VibeStack
An AI-powered aesthetic analysis engine that translates a mood or feeling into a structured creative brief — moodboard, color palette, and production-ready prompts for Midjourney, Stable Diffusion, Flux, and the web.
There is a gap that every creative project runs into eventually. You know exactly what something should feel like. You have a reference in your head — maybe it is a film still, a smell, a city at a specific hour. But the moment someone asks you to explain it, or the moment you try to hand it off to a designer or an AI tool, the feeling collapses into vague words that do not carry the weight you intended.
VibeStack is my attempt to close that gap.
You type a description the way you would say it out loud. Something like “brutalist Tokyo at 3am, neon on wet concrete, Blade Runner but make it fashion.” The engine takes that phrase and runs it through a multi-stage pipeline designed to extract, visualise, and structure the aesthetic intent hiding inside it.
The first stage parses the vibe. A language model reads the input and extracts semantic structure: keywords, emotional register, visual references, and color language. From there the engine reaches out to Unsplash and Pexels and pulls real photographs that match that aesthetic. These are not AI-generated images but actual moodboard material — the kind a creative director would gather manually.

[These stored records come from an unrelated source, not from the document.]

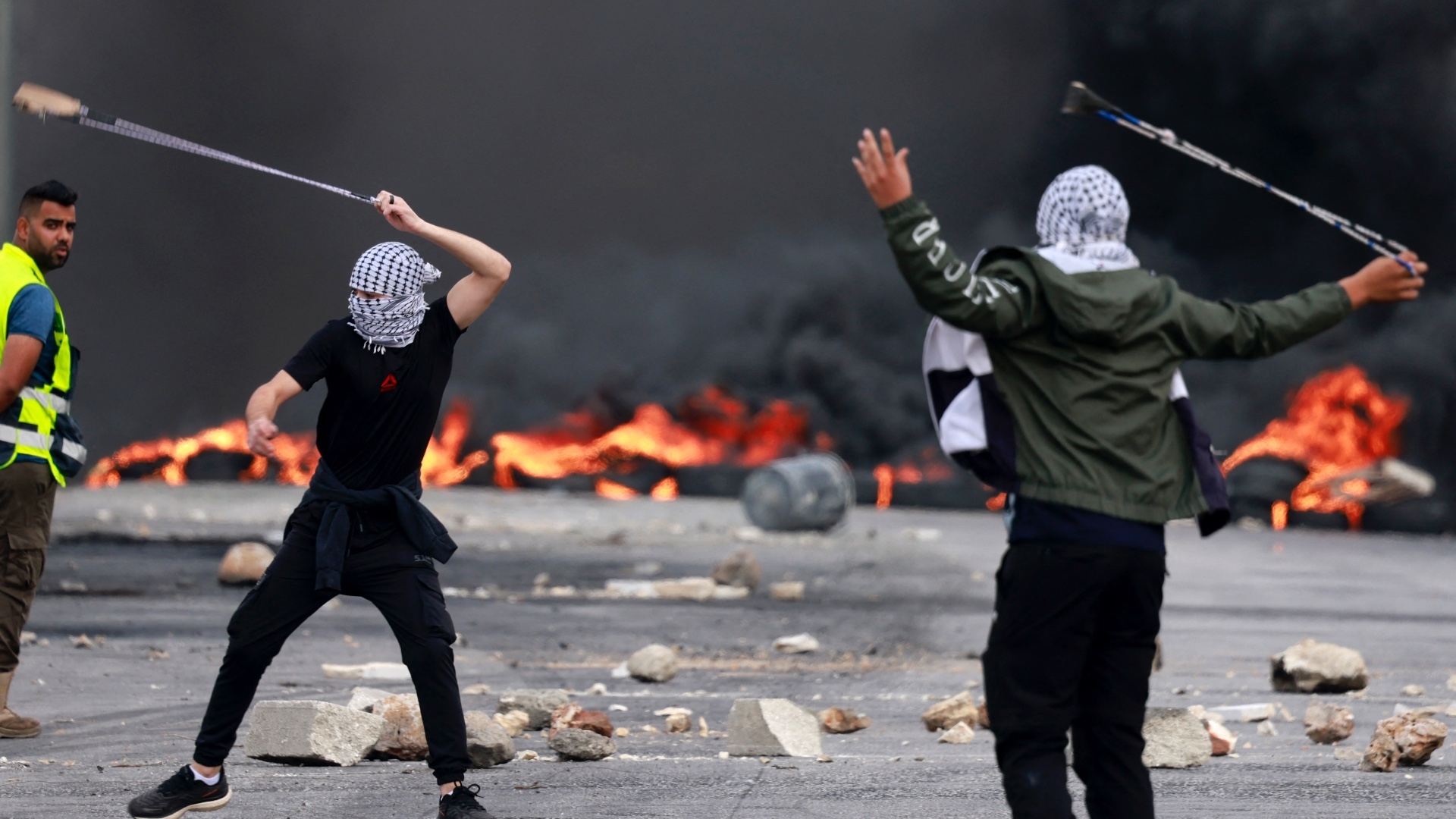 Palestinians hurl stones at Israeli forces during a demonstration against Israel's bombardment of Gaza, in the city of Ramallah in the occupied West Bank on 11 October 2023 (Jaafar Ashtiyeh/AFP)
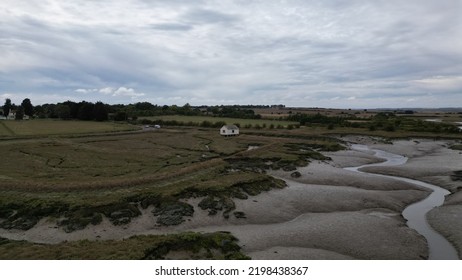 A Tiny Rural House Surrounded By Open Land, Water Trenches And Mud.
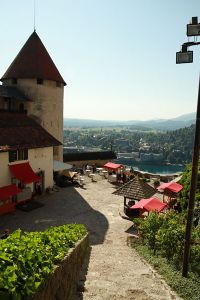 View looking down into the lower courtyard, showing castle outbuildings at <!--LINK'" 0:88-->, the tower now holds the Castle printing works 2010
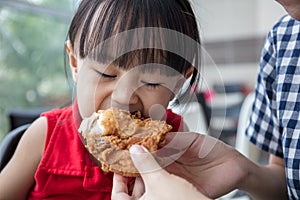 Asian Chinese mother and daughter eating fried chicken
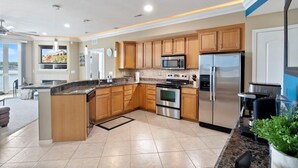A modern kitchen with granite countertops, stainless steel appliances, wooden cabinets, and a large island. - Immaculate Lands End #735 3Bed/2Bath New Remodel! (Osage Beach)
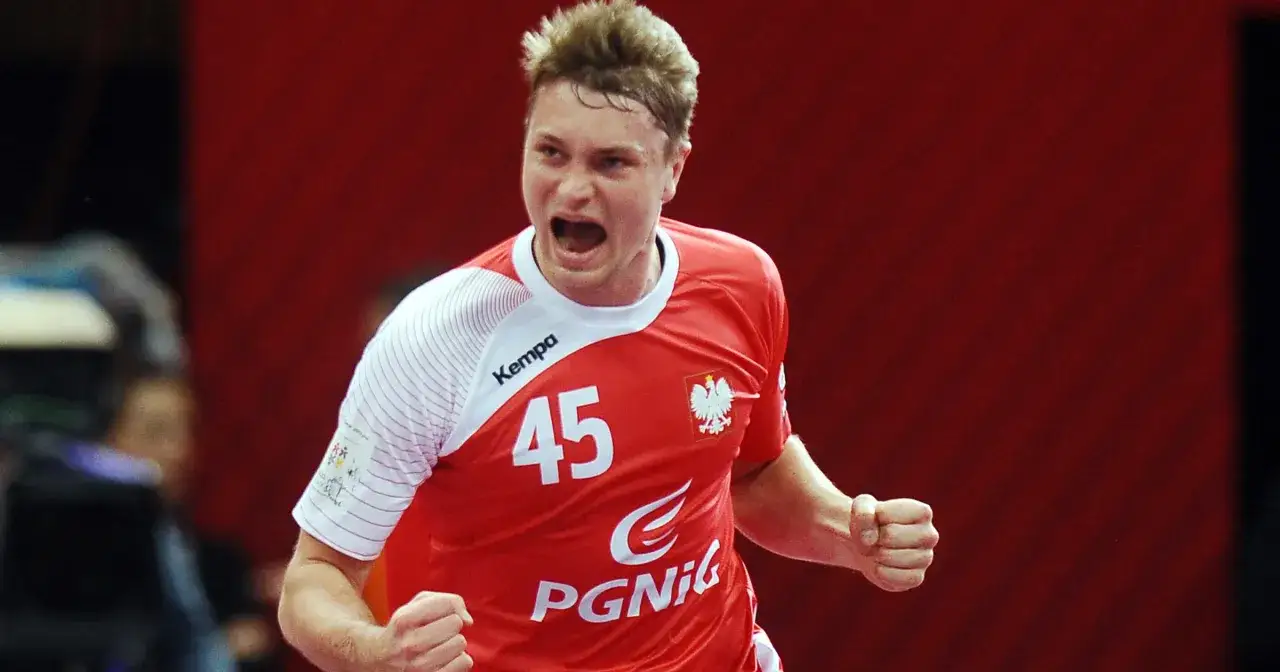 Michał Szyba, zawodnik z numerem 45 na koszulce, krzyczy z radości po zdobyciu bramki.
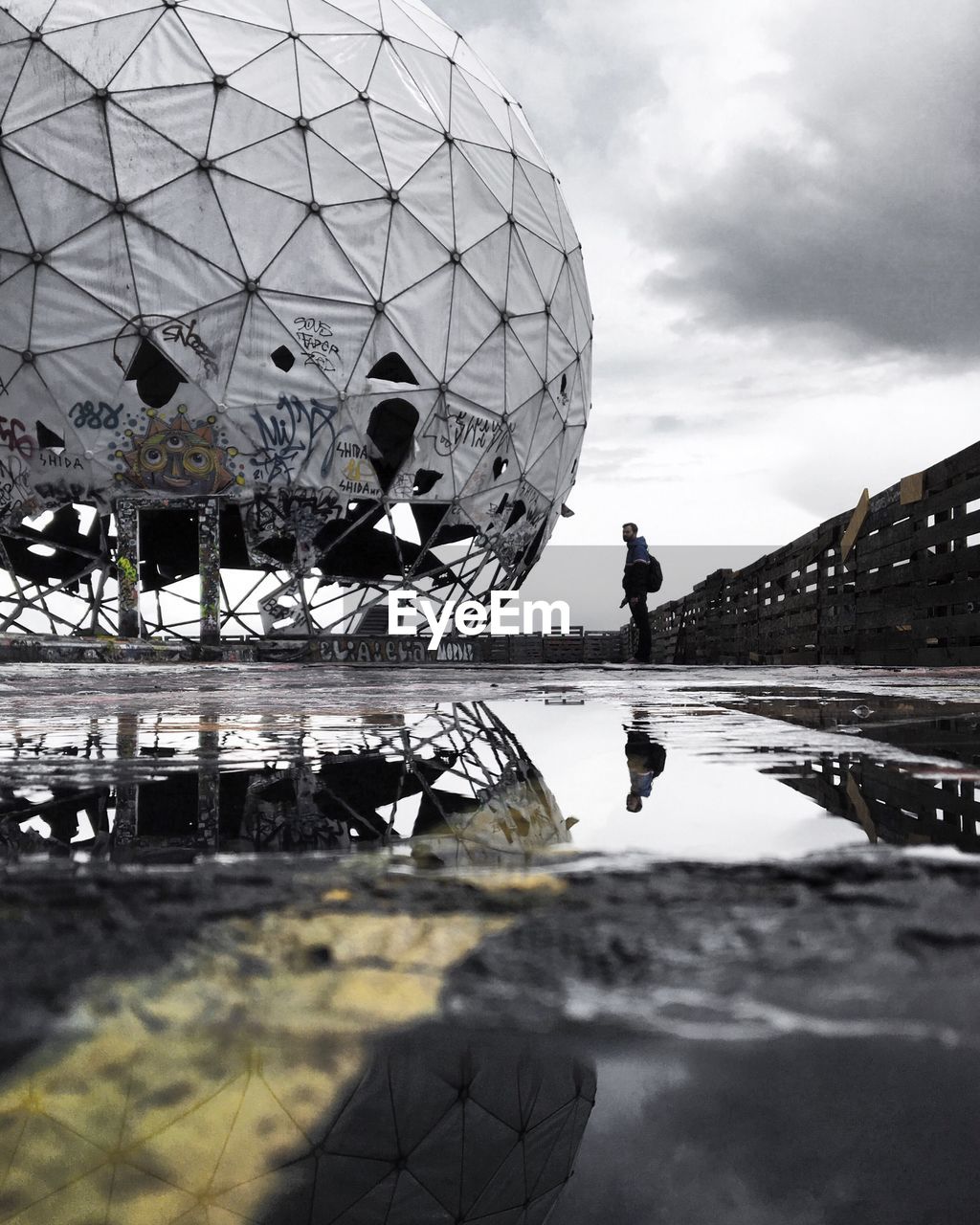 Man standing by abandoned dome on wet building terrace at teufelsberg during monsoon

Those images get embedded into a vector space using Sentence Transformers and then clustered with KMeans to identify the dominant visual threads. A color palette is derived directly from the clustered imagery, so the hex codes reflect what is actually in the reference material rather than what a language model guesses should be there.
The final stage synthesises four production-ready creative prompts from everything gathered so far: one each for Midjourney, Stable Diffusion with SDXL, Flux, and a web design brief written for developers or AI coding tools. The web brief is the part I find most useful personally — it is the kind of structured spec you can paste directly into a tool like Claude Code and immediately get something that feels right.
The whole process takes about twenty seconds.
Built with FastAPI on the backend, Next.js on the frontend, deployed via AWS App Runner with images stored on S3 and served through CloudFront.